Crawled caption data:
BEGIN

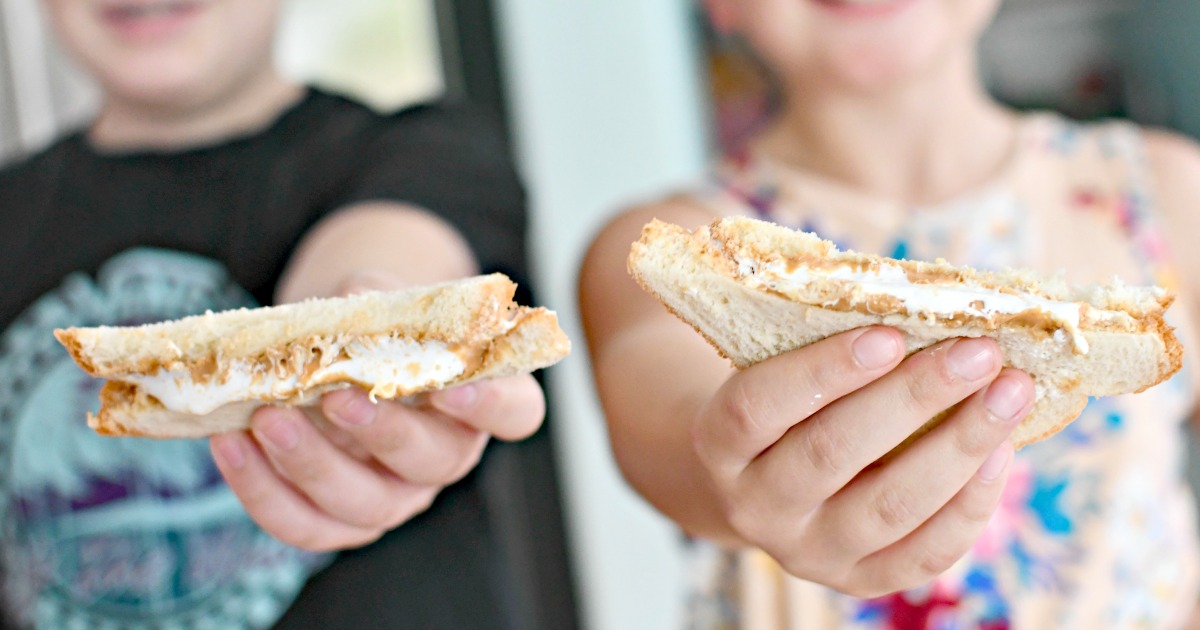kids holding nutterbutter sandwiches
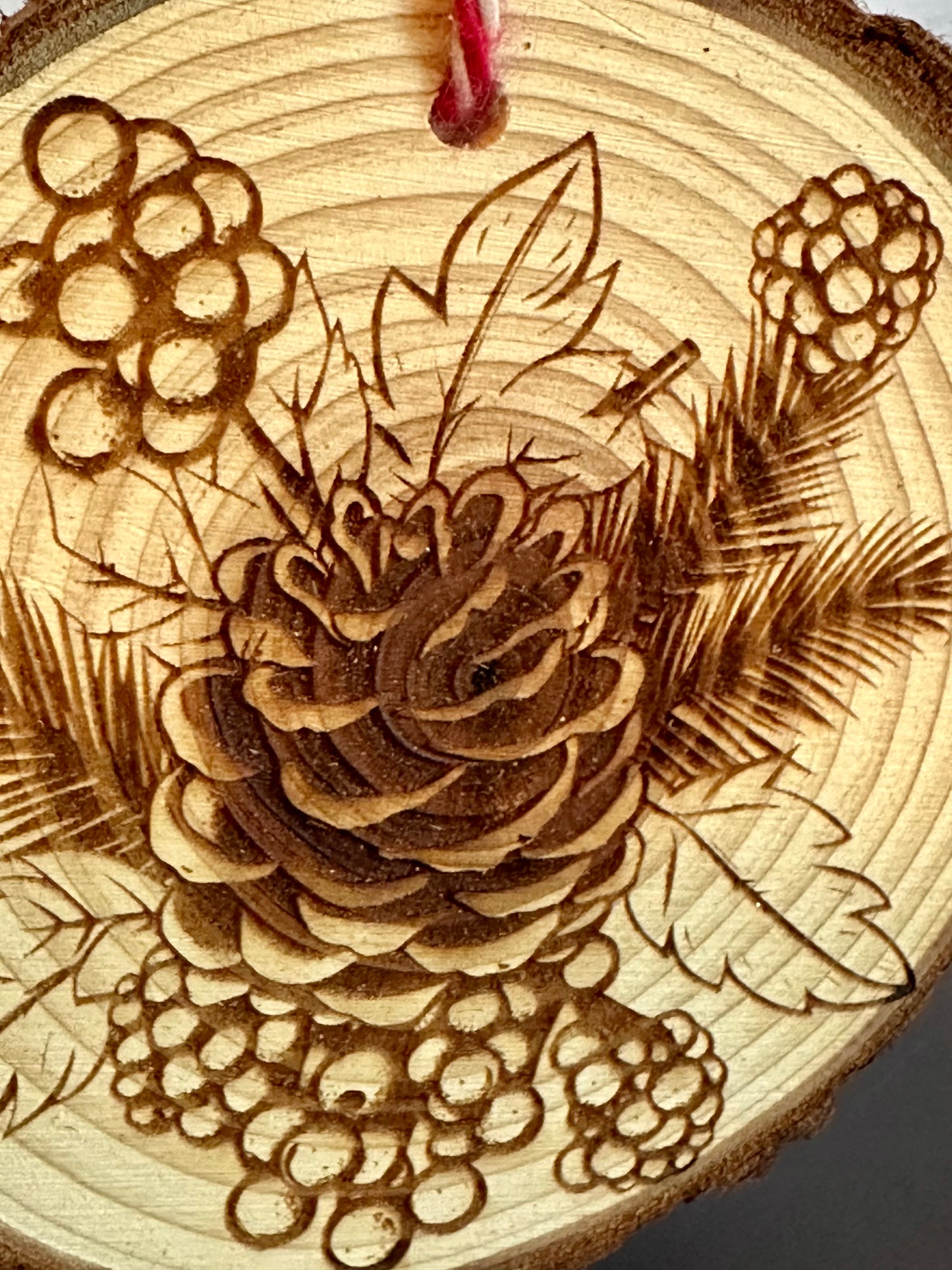Engraved Live Edge Wooden Round Ornament - Pinecone with Berries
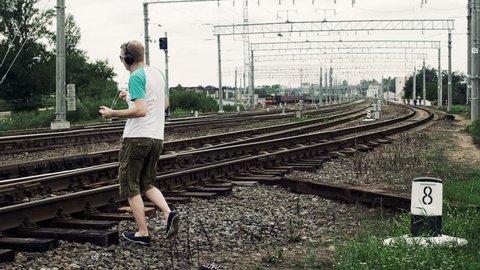 man listening to music on headphones and inattentively crosses a railway or railroad, life threatening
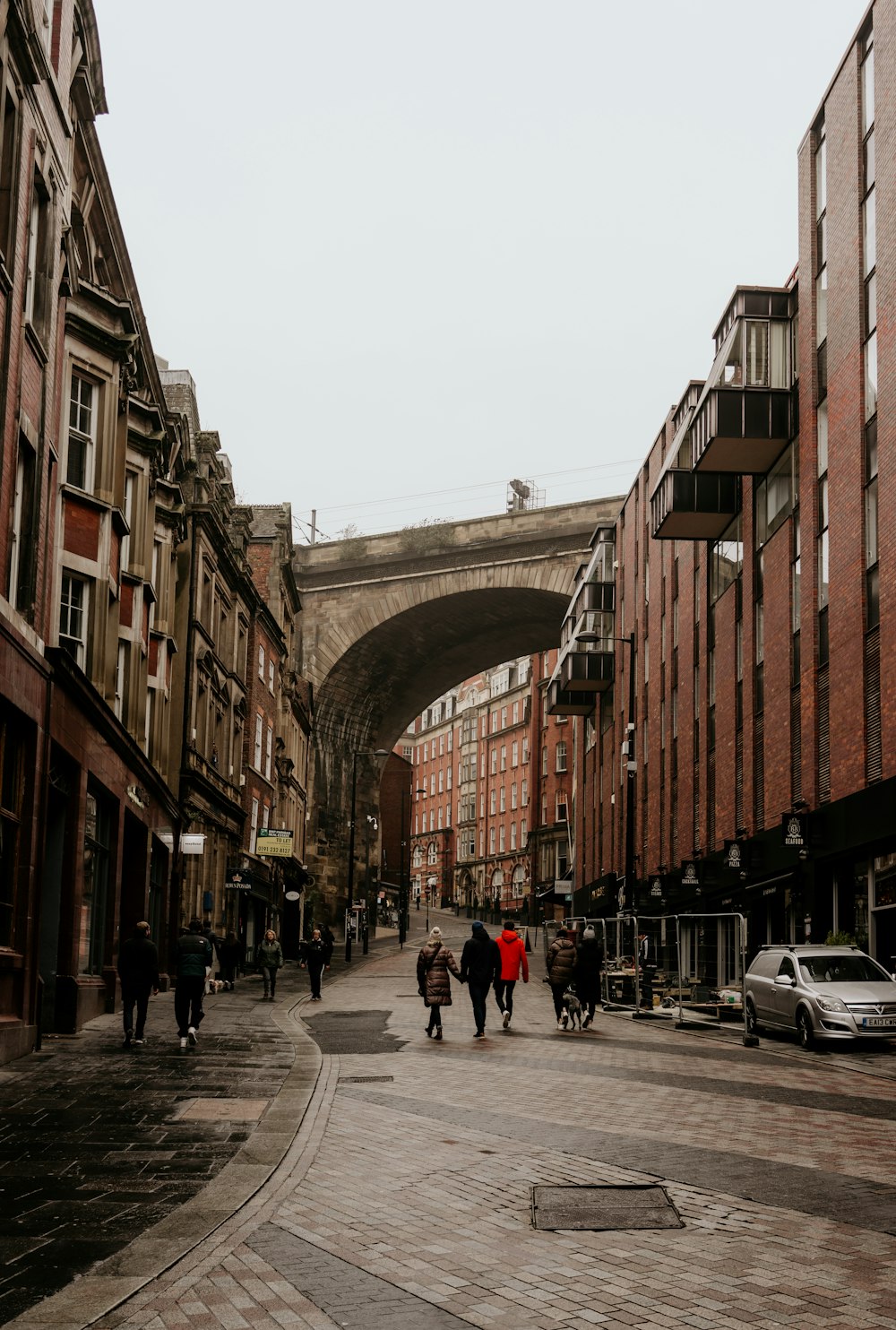 people walking on street between brown concrete buildings during daytime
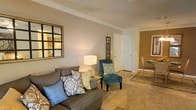Located at 8160 County Road 64 in Daphne, Alabama, this single-floor residence offers a welcoming and comfortable living environment with thoughtfully designed interiors. The living area serves as the heart of the home, showcasing warm neutral wall tones, plush carpeting, and elegant crown molding that adds a refined architectural touch throughout. Natural light filters into the space, enhancing the bright and airy ambiance. The living room is generously proportioned, providing ample room for seating arrangements, and flows naturally into adjacent areas of the home. A decorative wall mirror and tasteful accents contribute to the room's warm, layered aesthetic. The transition to the dining area is seamless, with an open layout that encourages easy movement between spaces. Interior doors feature classic paneled designs that complement the traditional styling of the home. The overall atmosphere is cozy yet polished, making it well-suited for both everyday living and entertaining. The neutral color palette throughout the interior allows for versatile décor choices, while the crown molding and carpeted floors add character and comfort. This single-story layout offers convenience and accessibility, making it a practical and appealing option in the Daphne, Alabama community.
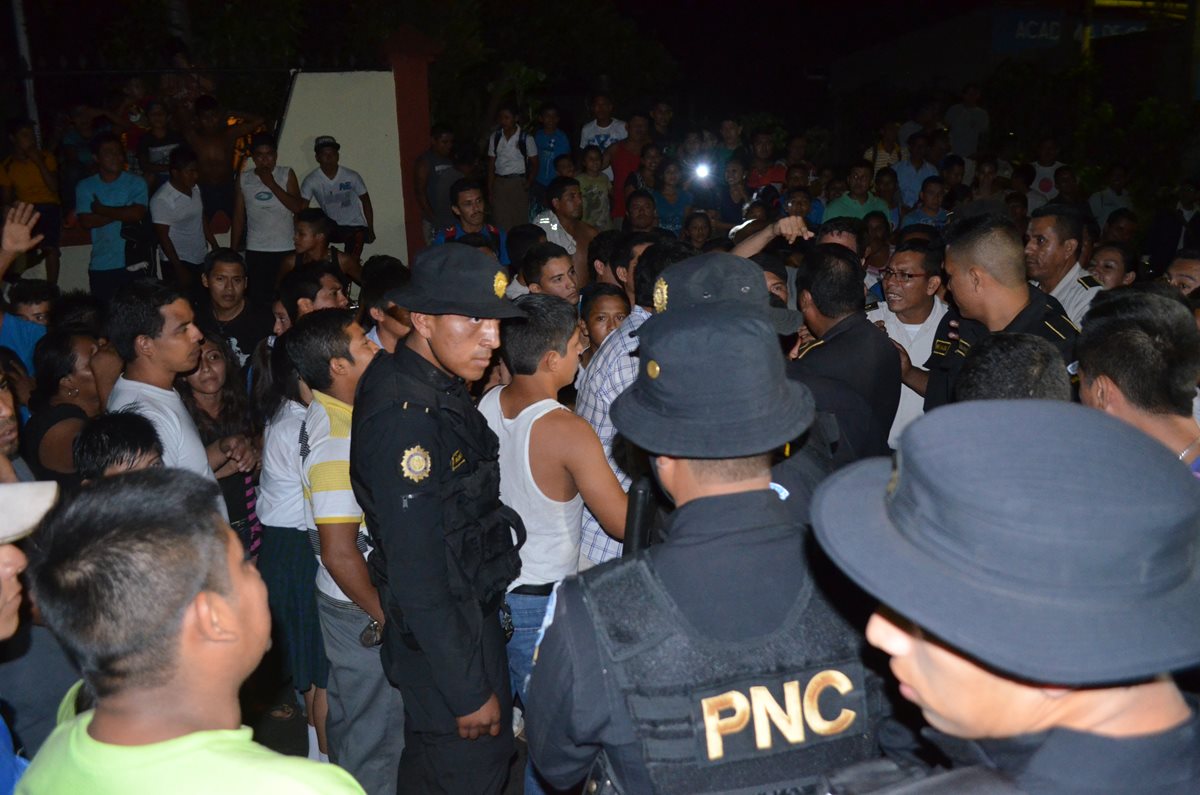 Agentes de la PNC dialogan con pobladores para liberar a sus compañeros. (Foto Prensa Libre: Jorge Tizol)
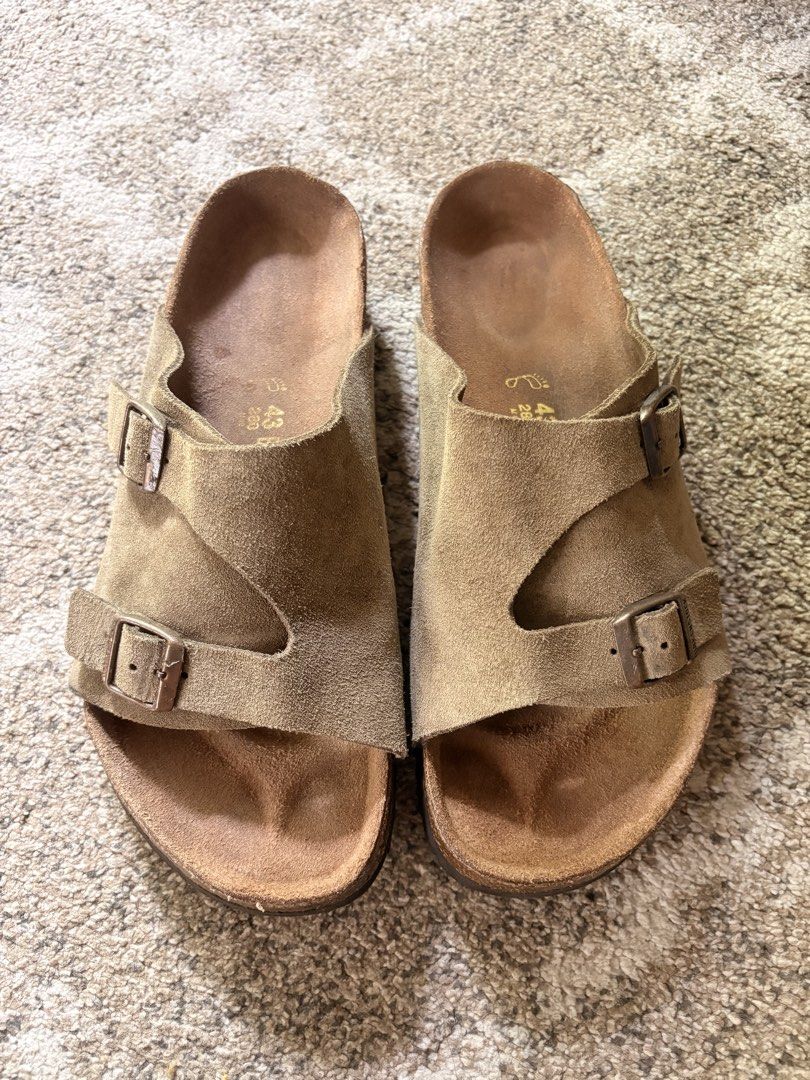 Auth Preloved Zurich Birkenstock (Category: Slippers & Slides) located in Paranaque City. Submitted by silentstone.dolphin (Listing ID 1468926047, Image 1). Description: Suede Leather.. Taupe Color.. Visible Print.. Brass Buckle.. Clean&Ready to Wear✅ Super Nice in Actual😍.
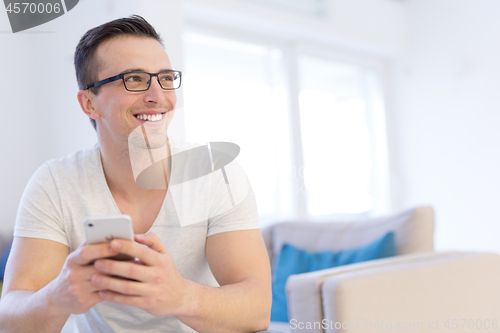 Image of young man using a mobile phone  at home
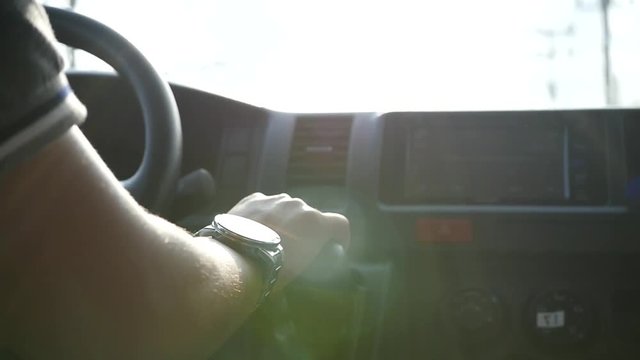 The man cuts out a box of fart in the car, lit by the rays of the sun with glare on the hand watches. slow motion. 1920x1080. full hd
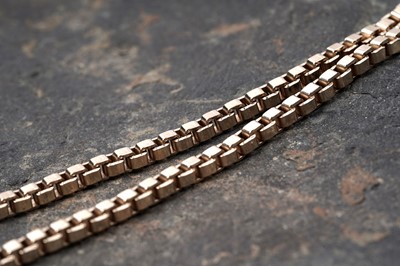 Lot 51 - A 9ct gold box link necklace with pendant locket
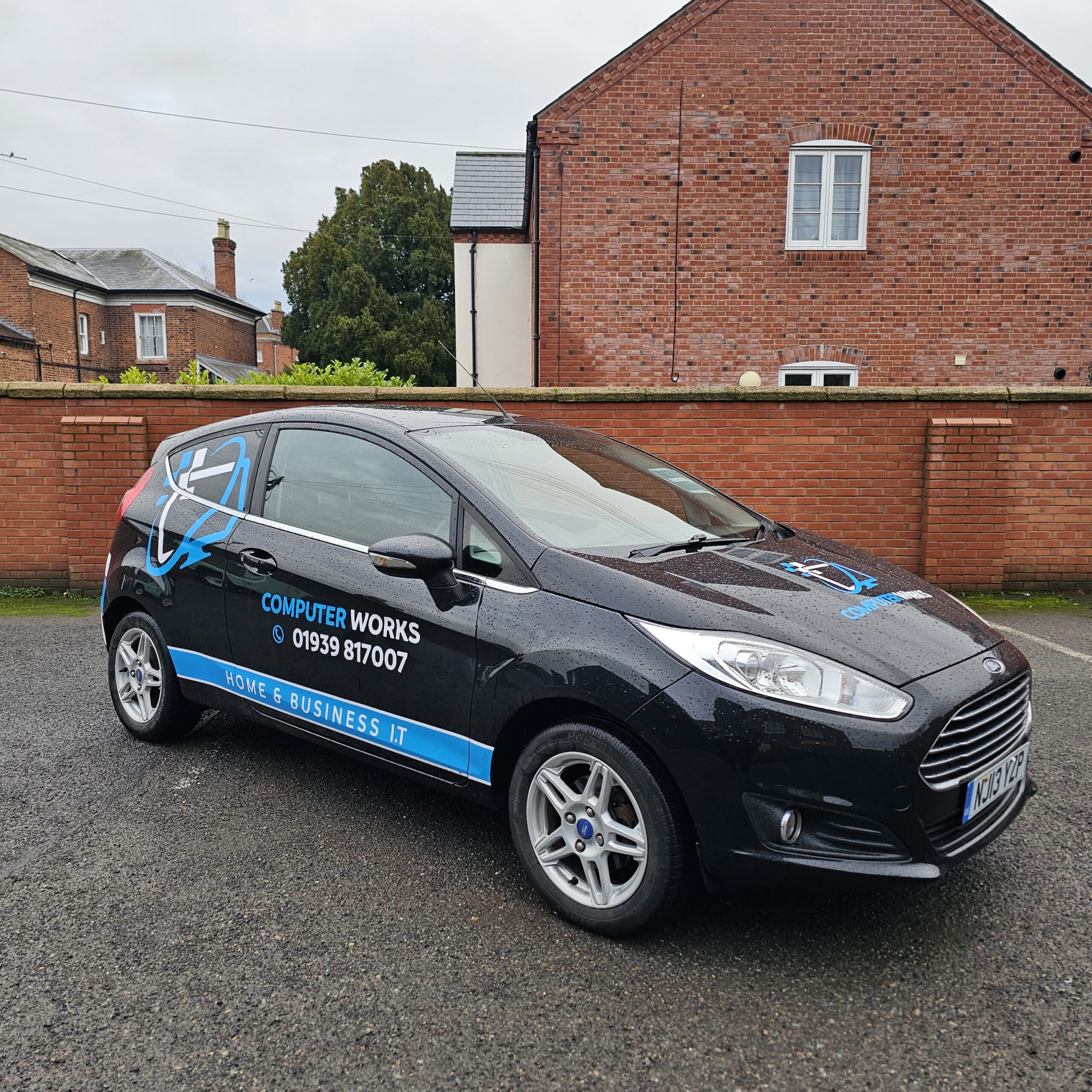 Computerworks branded black Ford Fiesta with blue graphics, advertising home and business IT support services, parked outside a local business in Wem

END

#### [Exercise objective]
Up to and including the line with "people walking on", repeat every line from the top of the entries exactly, but not the pictures.

#### [Response to this task]
kids holding nutterbutter sandwiches
Engraved Live Edge Wooden Round Ornament - Pinecone with Berries
 man listening to music on headphones and inattentively crosses a railway or railroad, life threatening
 people walking on street between brown concrete buildings during daytime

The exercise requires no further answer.